ACUD is a private company with government ownership, explained Ismail. It is owned jointly by the army and the New Urban Communities Authority (NUCA). He said that an initial public offering of the company would be carried out soon, the idea behind the current formation of the company being to give it the freedom to move fast.

He explained that the ACUD could develop the city in various forms. It could sell the land, give it out through usufruct, go into partnerships, or develop it itself. Unlike government entities it could give land directly without going through an auction process or a call for bids. “It [the new capital] will be a cash machine for Egypt for the next 50 years,” the minister said.

The new city is expected to host the seat of government, and the various government ministries are expected to move there. However, the minister said it was not the intention to just move employees to new buildings, but rather to develop e-government.

“We are thinking about how to institutionally develop the ministries, who should be there, and what they will be doing,” the minister said.

The new city will be an opportunity to revive and rehabilitate Cairo and relieve it of the pressures of government buildings in the heart of the city. Madbouli pointed out that one square km of Downtown Cairo is currently home to 11 ministries. Cairo was built for six million people, and it is now carrying 16 million, Ismail said.

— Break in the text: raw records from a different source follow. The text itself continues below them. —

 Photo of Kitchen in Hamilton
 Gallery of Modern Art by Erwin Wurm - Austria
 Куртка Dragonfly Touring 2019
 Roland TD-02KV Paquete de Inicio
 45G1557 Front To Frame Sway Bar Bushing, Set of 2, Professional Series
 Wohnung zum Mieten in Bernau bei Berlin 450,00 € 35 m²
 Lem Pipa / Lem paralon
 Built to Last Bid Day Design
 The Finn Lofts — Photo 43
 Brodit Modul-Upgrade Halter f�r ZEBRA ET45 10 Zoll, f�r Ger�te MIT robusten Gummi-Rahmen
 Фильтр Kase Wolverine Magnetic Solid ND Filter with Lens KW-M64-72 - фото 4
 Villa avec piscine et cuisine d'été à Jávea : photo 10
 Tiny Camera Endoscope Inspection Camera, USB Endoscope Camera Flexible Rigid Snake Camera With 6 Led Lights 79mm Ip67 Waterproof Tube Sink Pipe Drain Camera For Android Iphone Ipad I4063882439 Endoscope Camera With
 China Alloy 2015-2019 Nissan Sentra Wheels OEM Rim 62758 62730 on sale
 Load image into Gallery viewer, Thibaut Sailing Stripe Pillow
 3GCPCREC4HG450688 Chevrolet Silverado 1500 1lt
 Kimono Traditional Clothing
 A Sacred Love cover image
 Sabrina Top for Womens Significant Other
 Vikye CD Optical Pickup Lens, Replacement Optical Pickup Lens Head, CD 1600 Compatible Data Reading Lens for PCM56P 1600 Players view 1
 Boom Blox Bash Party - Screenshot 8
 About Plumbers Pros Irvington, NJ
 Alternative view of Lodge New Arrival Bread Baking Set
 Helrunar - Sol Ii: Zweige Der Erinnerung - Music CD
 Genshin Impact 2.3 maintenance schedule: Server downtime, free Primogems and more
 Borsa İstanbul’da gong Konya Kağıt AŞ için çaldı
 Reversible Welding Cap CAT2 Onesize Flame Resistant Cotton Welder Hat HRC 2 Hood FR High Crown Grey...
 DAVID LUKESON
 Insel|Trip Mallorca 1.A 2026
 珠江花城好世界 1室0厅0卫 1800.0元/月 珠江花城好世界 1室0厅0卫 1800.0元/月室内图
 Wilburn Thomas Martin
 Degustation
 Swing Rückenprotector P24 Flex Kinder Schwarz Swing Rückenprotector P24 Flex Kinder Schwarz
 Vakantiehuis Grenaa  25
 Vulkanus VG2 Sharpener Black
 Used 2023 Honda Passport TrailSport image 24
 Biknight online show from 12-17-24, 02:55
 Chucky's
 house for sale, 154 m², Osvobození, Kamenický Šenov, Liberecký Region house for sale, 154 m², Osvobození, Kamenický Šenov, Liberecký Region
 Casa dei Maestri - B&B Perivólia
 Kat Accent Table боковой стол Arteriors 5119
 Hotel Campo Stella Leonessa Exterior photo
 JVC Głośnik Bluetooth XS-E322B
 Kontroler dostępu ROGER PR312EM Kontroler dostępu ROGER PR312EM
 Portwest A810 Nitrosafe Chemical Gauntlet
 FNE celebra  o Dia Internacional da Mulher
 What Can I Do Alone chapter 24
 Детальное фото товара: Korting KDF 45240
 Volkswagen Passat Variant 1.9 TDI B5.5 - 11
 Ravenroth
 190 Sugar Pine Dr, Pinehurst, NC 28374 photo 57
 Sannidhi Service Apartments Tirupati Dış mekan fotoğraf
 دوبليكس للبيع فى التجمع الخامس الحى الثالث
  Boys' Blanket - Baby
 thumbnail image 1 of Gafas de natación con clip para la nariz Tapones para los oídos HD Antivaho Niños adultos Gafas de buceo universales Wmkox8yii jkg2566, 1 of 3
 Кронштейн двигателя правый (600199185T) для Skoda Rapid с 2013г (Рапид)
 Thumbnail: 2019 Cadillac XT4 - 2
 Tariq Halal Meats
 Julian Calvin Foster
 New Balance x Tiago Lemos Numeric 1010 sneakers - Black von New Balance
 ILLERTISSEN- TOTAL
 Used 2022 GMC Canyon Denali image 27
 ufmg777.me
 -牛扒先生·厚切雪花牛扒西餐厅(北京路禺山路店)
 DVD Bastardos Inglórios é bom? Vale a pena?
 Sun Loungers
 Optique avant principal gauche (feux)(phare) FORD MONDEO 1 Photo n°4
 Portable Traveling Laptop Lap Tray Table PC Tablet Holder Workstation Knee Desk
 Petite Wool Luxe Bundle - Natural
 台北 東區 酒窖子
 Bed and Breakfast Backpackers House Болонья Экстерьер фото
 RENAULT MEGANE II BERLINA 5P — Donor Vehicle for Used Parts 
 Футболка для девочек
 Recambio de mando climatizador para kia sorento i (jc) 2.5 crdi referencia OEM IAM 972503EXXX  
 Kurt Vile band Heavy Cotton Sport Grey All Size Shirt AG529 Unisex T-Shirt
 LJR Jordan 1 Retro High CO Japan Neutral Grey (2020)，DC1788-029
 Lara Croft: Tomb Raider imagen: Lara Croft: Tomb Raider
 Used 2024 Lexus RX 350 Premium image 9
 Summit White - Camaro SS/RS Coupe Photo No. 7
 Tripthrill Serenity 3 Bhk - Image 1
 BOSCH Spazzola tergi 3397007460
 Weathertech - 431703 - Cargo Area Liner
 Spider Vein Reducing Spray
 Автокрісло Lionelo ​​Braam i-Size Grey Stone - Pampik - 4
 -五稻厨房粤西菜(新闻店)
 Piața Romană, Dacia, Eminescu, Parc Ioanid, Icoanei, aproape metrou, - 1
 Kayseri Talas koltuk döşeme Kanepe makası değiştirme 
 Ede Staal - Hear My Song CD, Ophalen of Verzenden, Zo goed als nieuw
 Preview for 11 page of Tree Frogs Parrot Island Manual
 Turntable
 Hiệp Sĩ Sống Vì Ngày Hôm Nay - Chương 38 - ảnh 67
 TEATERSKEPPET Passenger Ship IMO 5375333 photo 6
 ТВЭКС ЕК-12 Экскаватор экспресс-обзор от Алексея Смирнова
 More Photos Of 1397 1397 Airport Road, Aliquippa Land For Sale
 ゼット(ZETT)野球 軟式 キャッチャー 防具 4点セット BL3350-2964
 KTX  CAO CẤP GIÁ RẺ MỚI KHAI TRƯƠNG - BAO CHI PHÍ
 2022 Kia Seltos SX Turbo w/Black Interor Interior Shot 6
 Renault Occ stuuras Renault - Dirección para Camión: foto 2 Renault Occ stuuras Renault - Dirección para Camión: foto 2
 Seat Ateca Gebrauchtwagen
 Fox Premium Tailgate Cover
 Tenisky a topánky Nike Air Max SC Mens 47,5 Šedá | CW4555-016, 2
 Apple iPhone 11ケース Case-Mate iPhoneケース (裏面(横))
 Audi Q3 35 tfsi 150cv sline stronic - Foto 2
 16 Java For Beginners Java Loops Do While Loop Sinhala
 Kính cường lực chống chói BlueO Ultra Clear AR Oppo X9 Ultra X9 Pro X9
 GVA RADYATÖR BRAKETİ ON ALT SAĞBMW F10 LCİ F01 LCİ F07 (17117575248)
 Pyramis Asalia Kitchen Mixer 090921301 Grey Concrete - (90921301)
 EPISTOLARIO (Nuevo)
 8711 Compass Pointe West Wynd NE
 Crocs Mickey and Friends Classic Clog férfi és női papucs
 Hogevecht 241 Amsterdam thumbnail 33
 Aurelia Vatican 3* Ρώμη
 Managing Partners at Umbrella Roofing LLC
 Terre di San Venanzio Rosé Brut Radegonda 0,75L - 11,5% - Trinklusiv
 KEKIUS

The question of financing for the new city is a major issue. Madbouli said the NUCA was taking care of this. (Affiliated with the Ministry of Housing, it oversees all the new urban communities.) He pointed out that the NUCA's investment budget could cover the needed financing for developing the infrastructure of the city before the land was made available to the private sector to develop.

The minister pointed out that NUCA's investment budget had grown over the past three years because of the sale of land in the new cities. Its expected investment budget for 2017-18 is LE50 billion, according to the minister. In the meantime, it is also contributing direct financing to the Ministry of Finance as well as building social housing.

Work is already underway on the ground in the new city, the minister said, with roads, infrastructure and the first residential district under construction. During the first quarter of next year construction will begin on 18 ministries, the parliament building as well as the cabinet building, he added. There are also plans for a presidential complex, Madbouli said.

“By January, the first set of land will be available to the private sector for development,” the minister announced.

He reassured the audience that the movement of people in and out of the city had been analysed and was being accounted for with the monorail, a new train station, an underground metro and other means of transportation.

The new administrative capital as well as the other projects that are currently underway such as the Suez Canal Area Development Project, the development of the North Coast and many of the highways being constructed, were part of a plan developed back in 2012 defining what Egypt should look like in 2052 said Madbouli.

The plan intends to double Egypt's inhabited area from the current 6.5 per cent to 12 per cent of the total land.